Nope :-) Actually it is meant to be that way. Cryptic one-liners.
Just for the fun of it!
u> Eugene, you asked about the fork() function. You can keep track
u> of the childern a process has sponed off with the PIDs. A child
u> can always determind is parents PID with the function
u> getppid().
Yup, that is what I found out but right now, I am learning to trace
it without writing and running the program. I am expecting my professor
to come up with such weird questions in the coming exam. something like
fork(); fork(); fork(); for(i = 0; i < 3; ++i) if(!fork()) break;
then he will, how many forks are there, how many children,
grandchildren, etc :-) I am trying to guess what kind of weird questions
he will ask.
u> Now pipes......I like to avoid them becasue they are not compatable
u> from one platform to another. Shared memory works better for me,
u> if and when the communication is between pocesses that are on
u> the same computer. I find it more stable, faster, and much easier
u> to understand what is going on when debugging is required. Its
u> also simple to use the signal() to send flags from on process to
u> another.
To be frank, I have yet to write this part, and I am hoping to read it
up tomorrow, and try it. So much things to learn, so little time.
u> Your in my world with this stuff, so don't be shy with questions.

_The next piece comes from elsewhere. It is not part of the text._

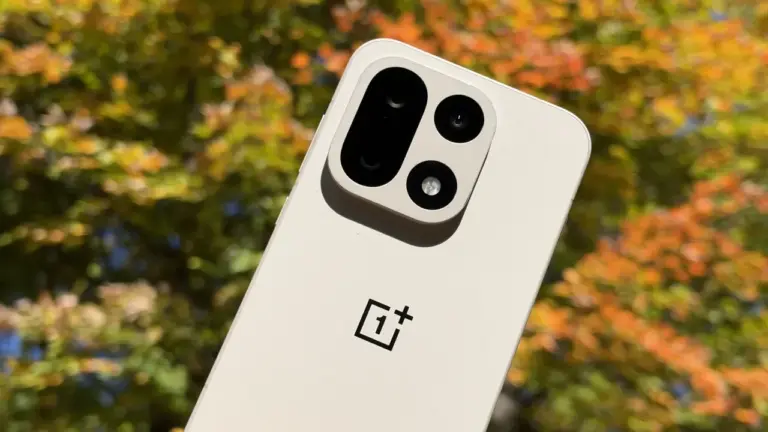OnePlus 16 Satışa Çıktı: İlk Saatte 70 Bin Adet Satıldı — OnePlus 16 satış rakamları, OnePlus 16 özellikleri, Snapdragon 8 Elite Extreme, OnePlus Çin pazarı, amiral gemisi telefonlar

Thanks Lorne. I really appreciate your kind offer to help. I will ask
questions.
Eugene
u>
u> cheers
u> Lorne
u>
u>
u>
u> > also, for the main(), it takes no parameter and returns an integer by
u> > default, so there is no need to explicitly do "int main(void)". just
u> > main() will do.
u> >
u> > One advice I can give is to learn to write routines like test integers,
u> > doing [A-Z] to [a-z] conversions, etc. man ascii and you will be
u> > enlightened.
u> >
u> > Ok just for the fun of it, you might want to try to compile
u> > my one-liner:
u> >
u> > main(i){putchar(182623909>>(i-1)*5&31|!!(i<7)<<6)&&main(++i);}
u> >
u> > :-)
u> >
u> > Anyone has any notes to share on the following topics?
u> > Graph diagrams on multiple fork calls, with pipe and dup2?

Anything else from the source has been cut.